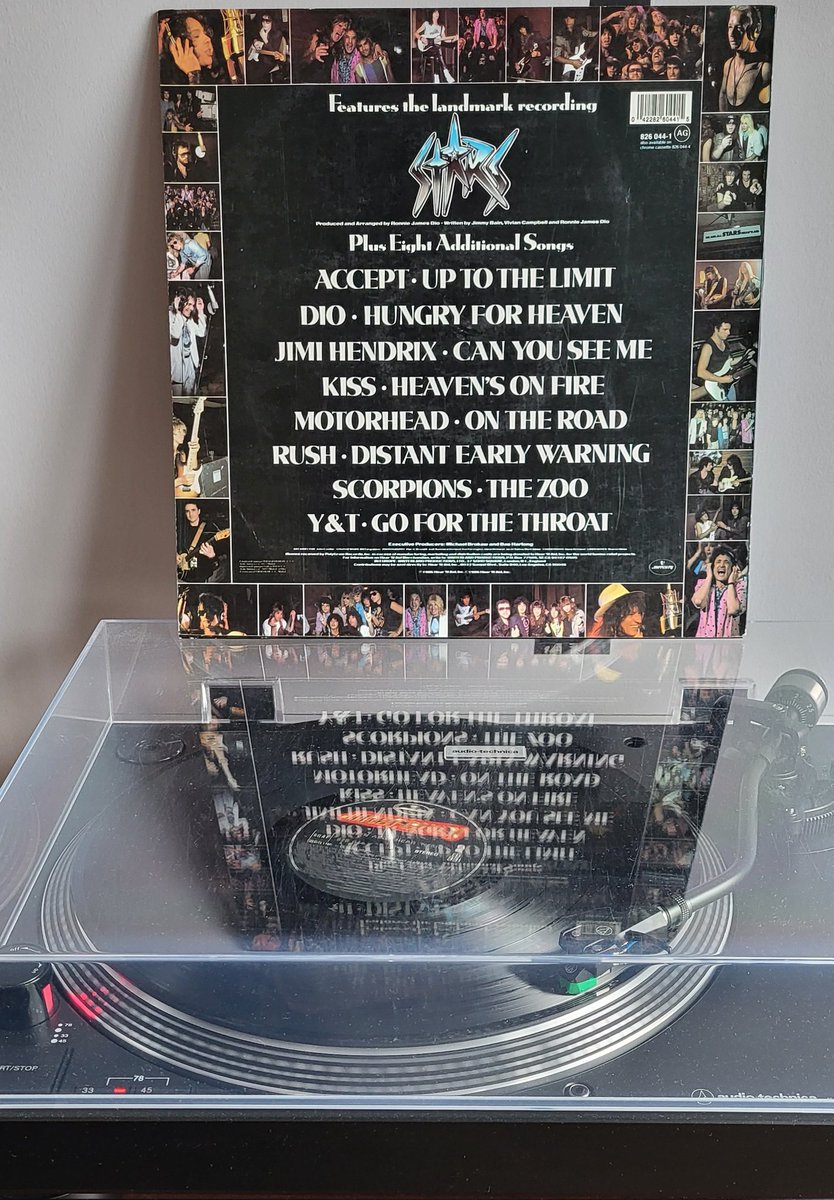 DavidGTato's tweet image. #Vinileando 

HEAR'N AID
(Edición española)
#HearNAid #Stars #Dio #DaveMurray #AdrianSmith #RobHalford #DonDokken #GeoffTate #EddieOjeda #MickMars #VinceNeil #BlackieLawless #TedNugent #YngwieMalmsteen #PaulShortino #KevinDubrow #DaveMeniketti #EricBloom #GeorgeLynch #NealSchon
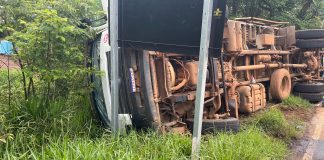 Caminhão tomba após a descida do Contorno Viário em Seara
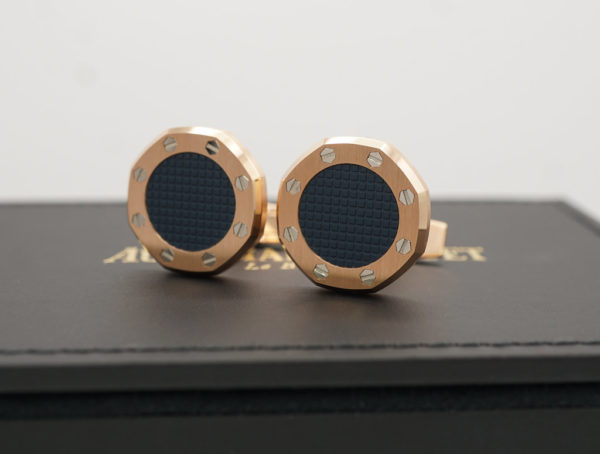 BRAND NEW Audemars PIGUET ROYAL OAK CUFFLINKS 18K PINK GOLD BLUE TAPISSERIE PATTERN - Image 5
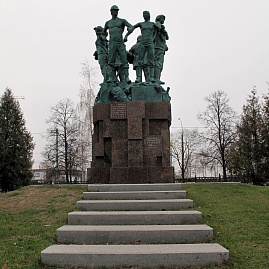 Памятник "Движению студенческих отрядов 50 лет"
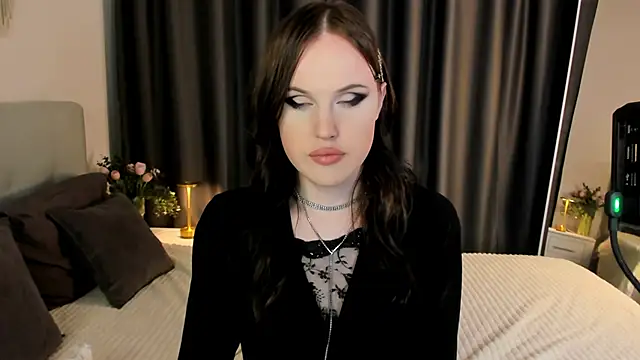 EffieMinki online show from 16, 2, 2026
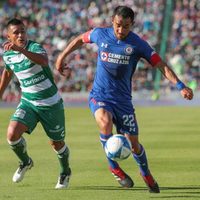 Cruz Azul da su peor partido y casi gana; Santos rescata angustioso empate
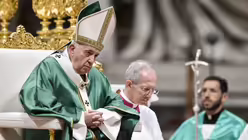Papst Franziskus beim Eröffnungsgottesdienst der Amazonas-Bischofssynode am 6. Oktober 2019 im Petersdom im Vatikan. / © Cristian Gennari/Romano Siciliani (KNA)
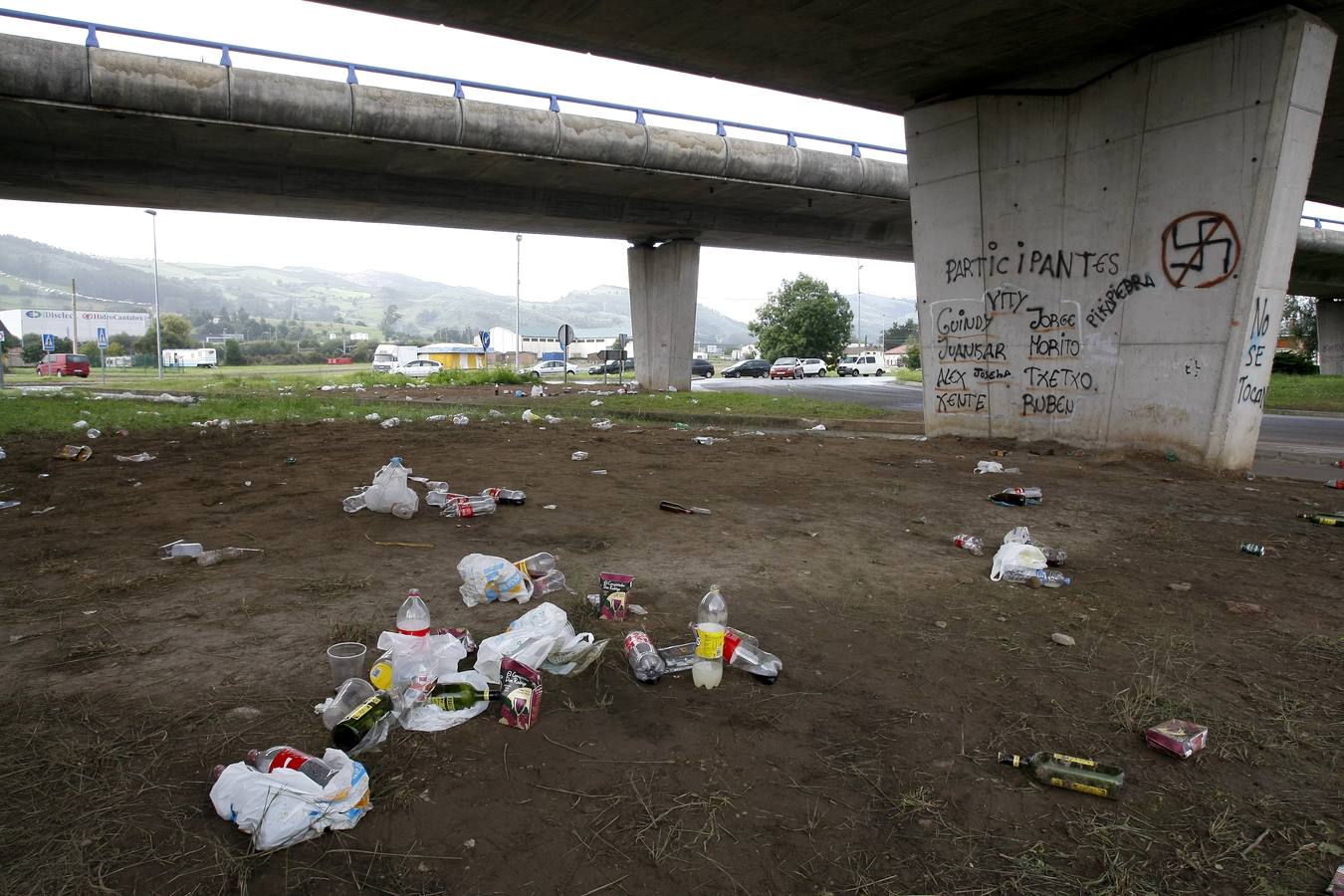 Los restos del botellón en Tanos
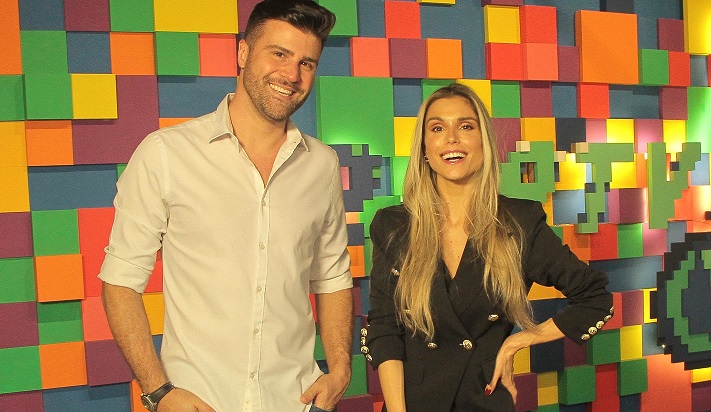 Flavia Viana pede demissão da RedeTV! e abandona o marido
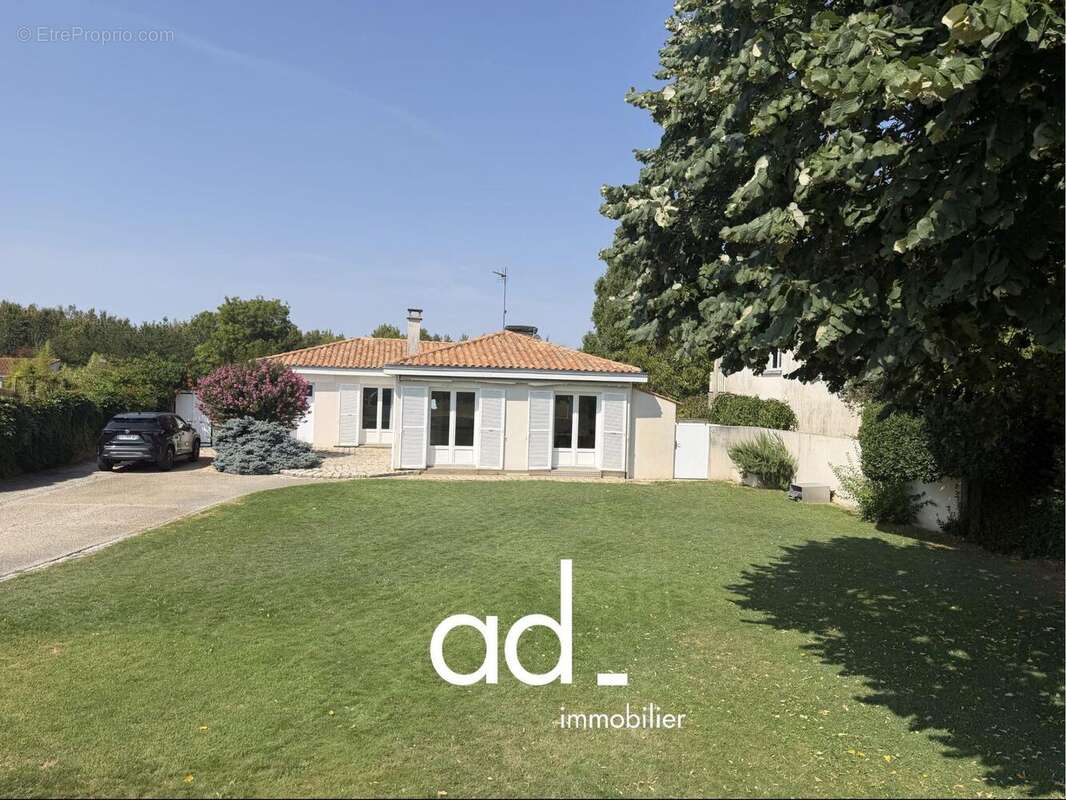 Maison à SAINT-XANDRE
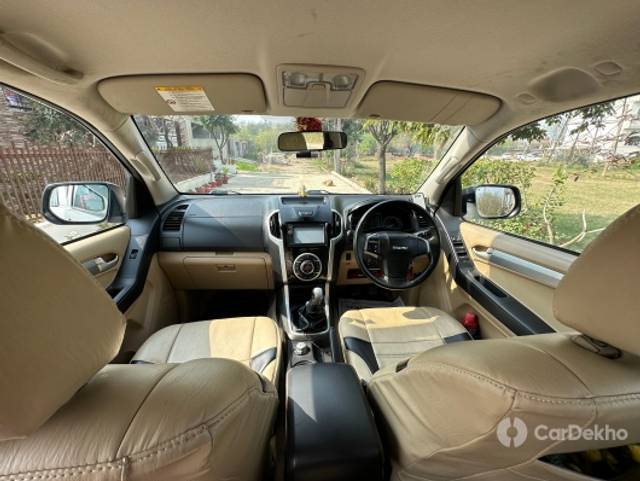 https://stimg2.cardekho.com/images/usedcarimages/large/2-2023/3630371/03ACCF7A-529D-4ED9-AA65-27BC4CB155C0.jpg?imwidth=6401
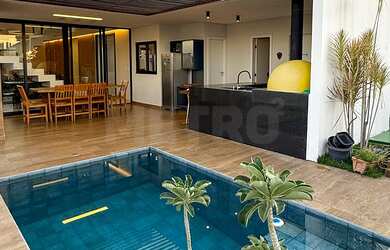 Imagem: A casa em condomínio possui 4 Dormitórios, 4 Suítes, 4 Banheiros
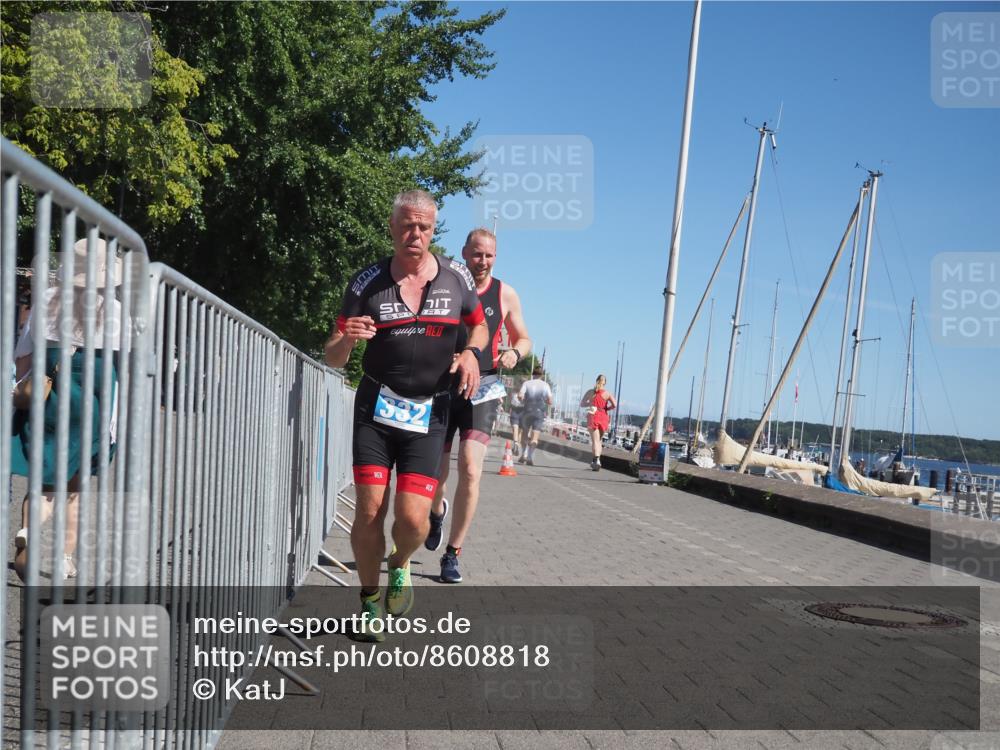 17.08.2025 - KN Förde Triathlon 2025 KatJ http://msf.ph/oto/8608818 17.08.2025 12:02:47 Laufen 303, 332, 335 meine-sportfotos.de
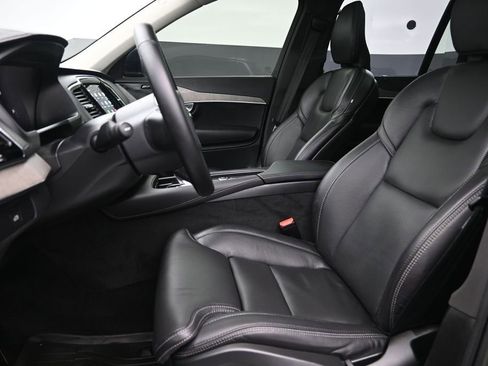 Used 2023 Volvo XC90 B6 Ultimate w/ Protection Package Premier AWD/4WD image 10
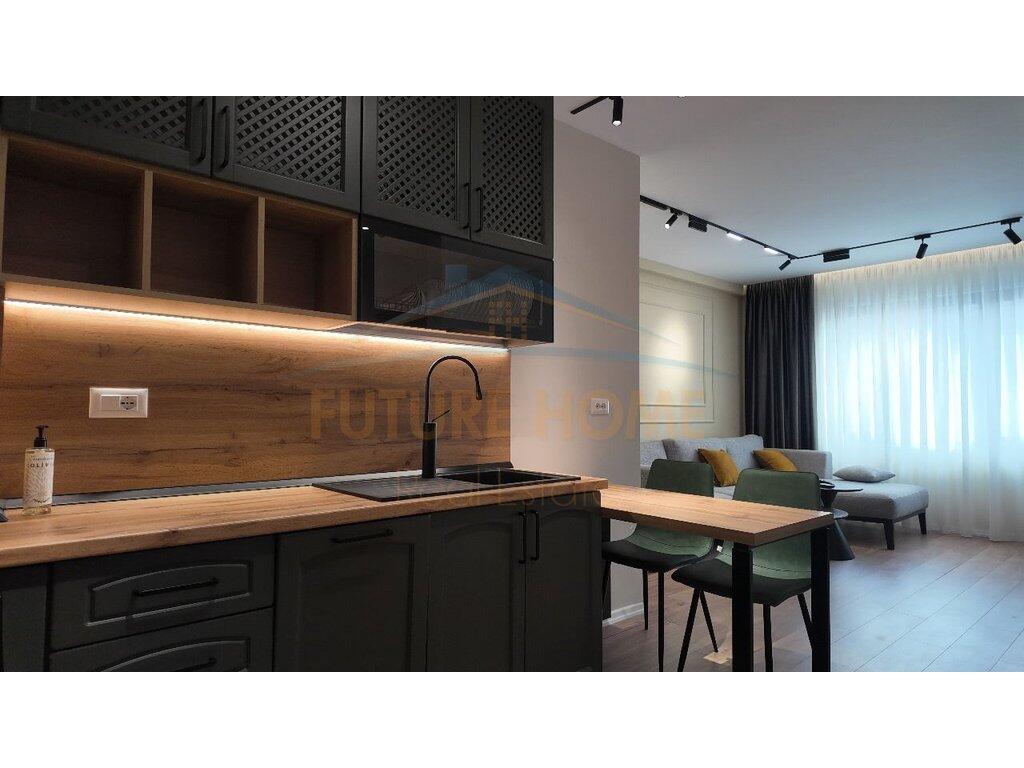 2+1 apartment, Pazari i Ri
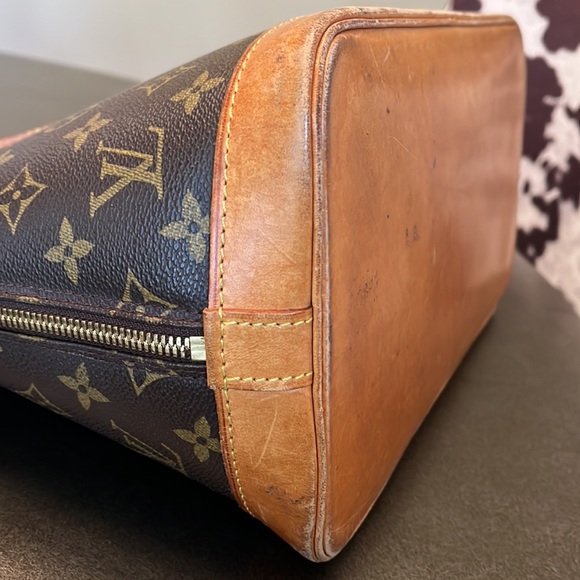 Louis Vuitton Alma **AUTHENTIC** - Picture 7 of 13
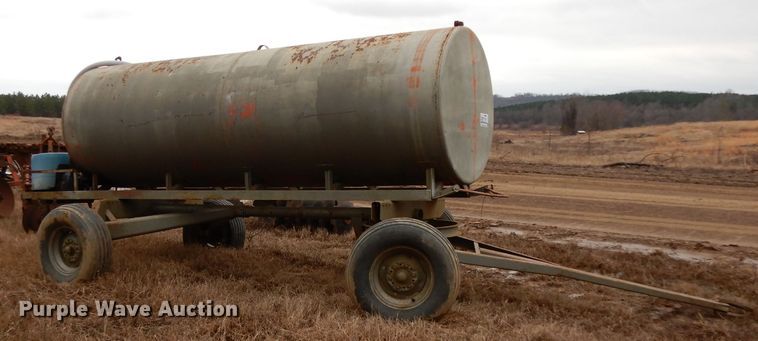 image for item DH2305 Fuel tank trailer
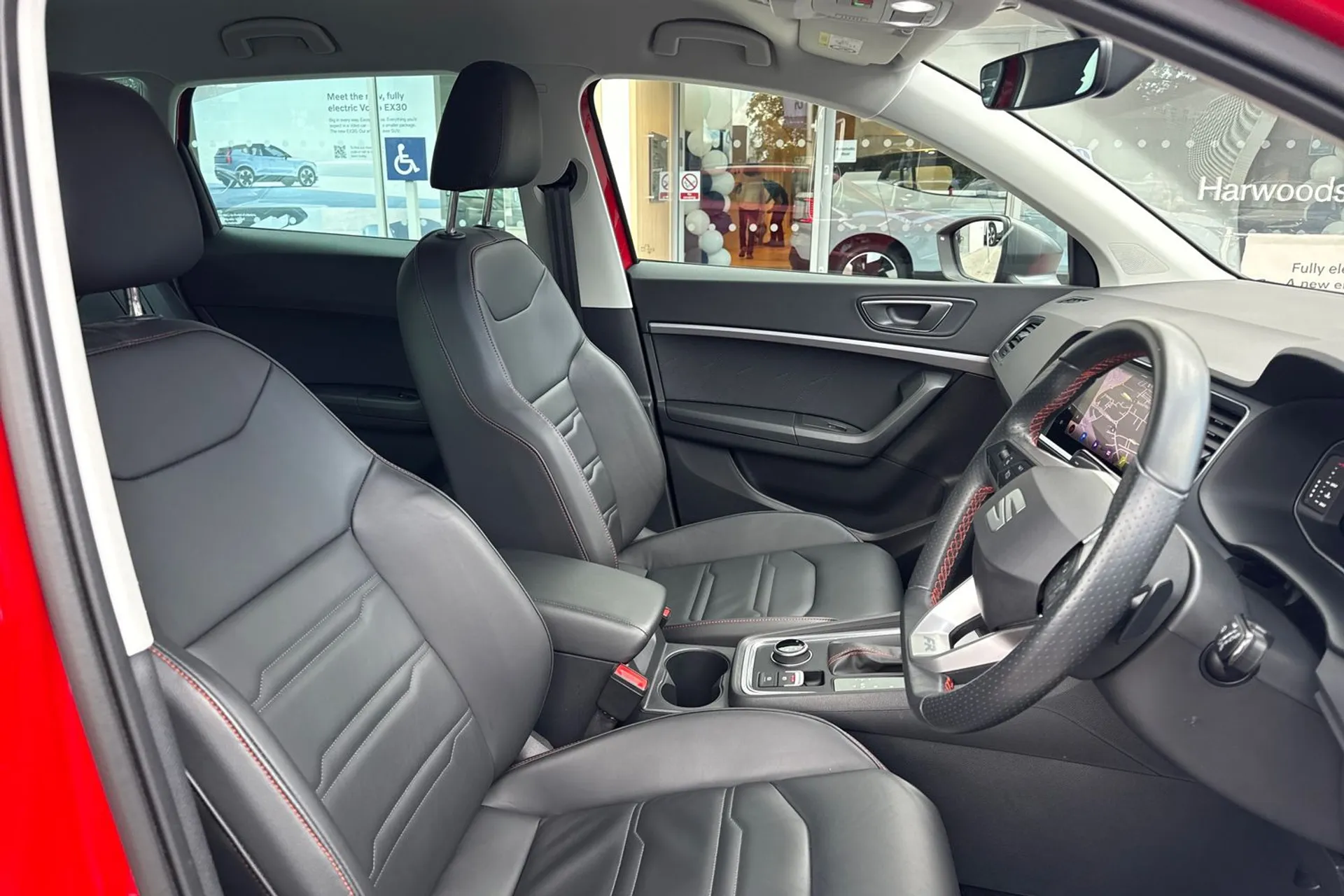 SEAT ATECA thumbnail image number 25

--------

WORK INSTRUCTIONS |
For this exercise, write out exactly the lines from the one with "2+1 apartment, Pazari i Ri" through the last line of the records, inclusive, and leave each picture out.

COMPLETED TASK |
 2+1 apartment, Pazari i Ri
 Louis Vuitton Alma **AUTHENTIC** - Picture 7 of 13
 image for item DH2305 Fuel tank trailer
 SEAT ATECA thumbnail image number 25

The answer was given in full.